Lana et Lili n’y vont pas avec le dos de la cuillères et proposent un film complètement fou, un bonbon acidulé et fluo débordant d’une inventivité infantile et jouissive. Un énorme jouet pop qui dépote qui éclate les conventions cinématographiques pour proposer pêle-mêle des transitions insensées, du cartoon gribouillé et de l’animation japonaise en live action avec tout ce que ça inclut d’effets over the top. Speed Racer est l’heureux enfant de Wipeout et des Fous du Volant, l’hybridation des Xtreme Games et du Nascar, où les bagnoles reflétant la personnalité de leurs conducteurs se livrent à des joutes de Car Fu (terme officiel de la production) en traversant des pistes de Mario Kart où la gravité n’a pas d’emprise.
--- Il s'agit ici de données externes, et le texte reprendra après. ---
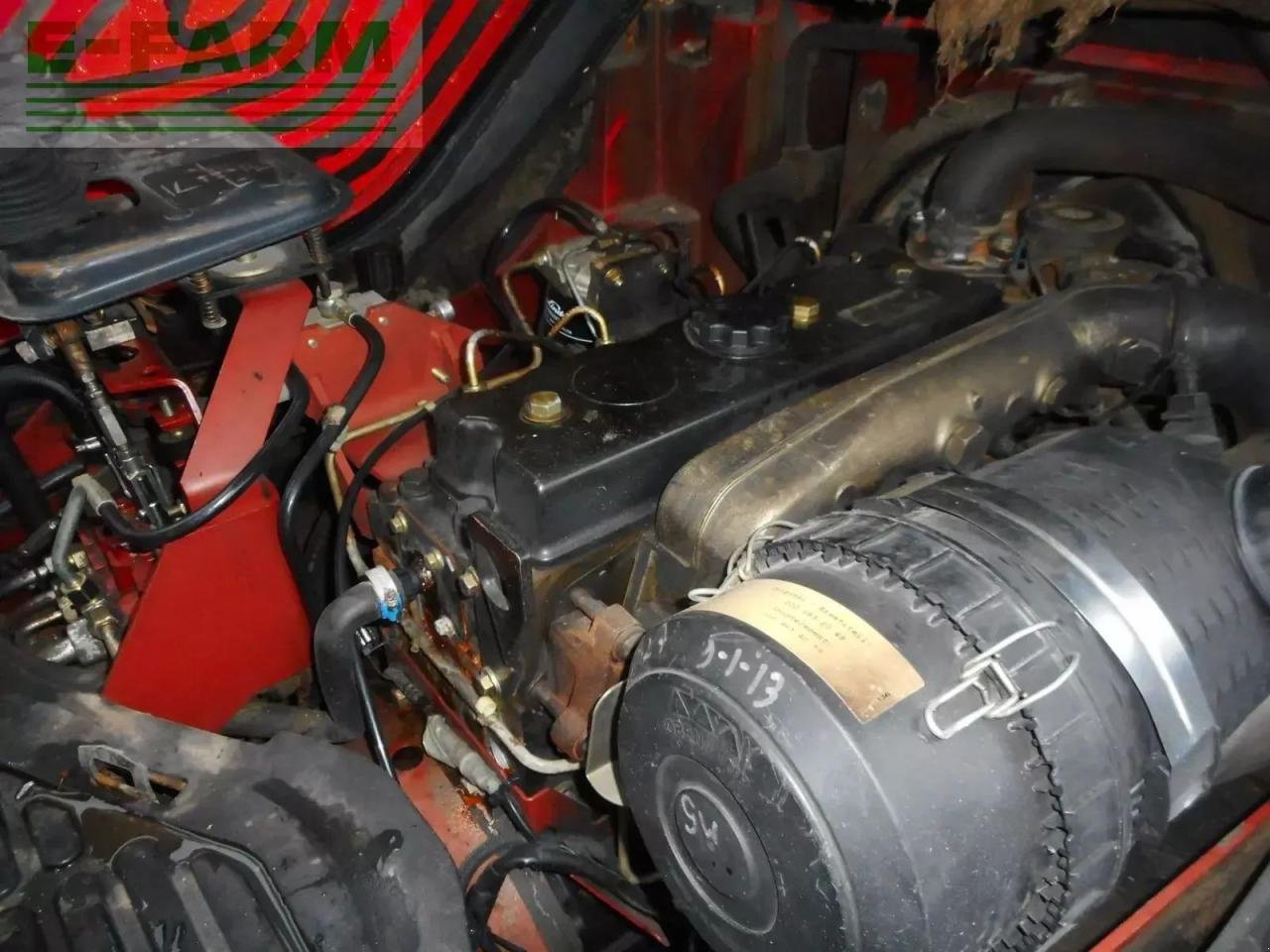 Frontstapler typu Linde h45d-04 triplex 6,7m + 3. u. 4. kreis! neue gab, Gebrauchtmaschine v ST. NIKOLAI/DR. (Obrázek 15)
Le rendu et la frénésie sont over the top, frôlant souvent l’overdose, mais toujours avec un malin plaisir. Les équipes des effets spéciaux ont eu recours à un système de bulles photos permettant de capturer l’intégralité d’un décor et d’y rajouter des plans composites donnant un cachet anime on ne peut plus singulier. Mais si je ne taris pas de superlatifs quant à la richesse esthétique du bazar, je tempère toutefois mon propos en admettant que c’est parfois trop, indigeste, et que tout n’est pas du meilleur goût. Mais comment cracher dans la soupe devant une proposition aussi unique.
Qui plus est lorsque les enjeux narratifs, simplistes au demeurant puisque s’adressant également aux plus jeunes, sont d’une sincérité évidente lorsque l’on connaît le parcours personnel des deux sœurs. La détermination et l’honnêteté envers soi-même sont au cœur du récit et s'accordent parfaitement à cet univers libre. On retrouve une naïveté et des thématiques de cellule familiale en lutte contre les méga corporations qui ne sont pas sans rappeler le cinéma de Frank Capra. Les Wacho contre la machine, ça a toujours été le fil rouge de leur carrière, jusqu’au récent pied de nez en forme de seppuku qu’était The Matrix Resurrections.
Alors oui, Speed Racer est imparfait et déconseillé aux épileptiques, mais bordel qu’il est inventif, qu’il est audacieux! Un plantage monumental de plus pour le duo, qui a malgré tout réussi à réunir des fonds pour les projets qui suivirent. Mais jusqu’à quel point peuvent-elles tirer sur la corde? Mon seul espoir est que celle-ci soit encore longue.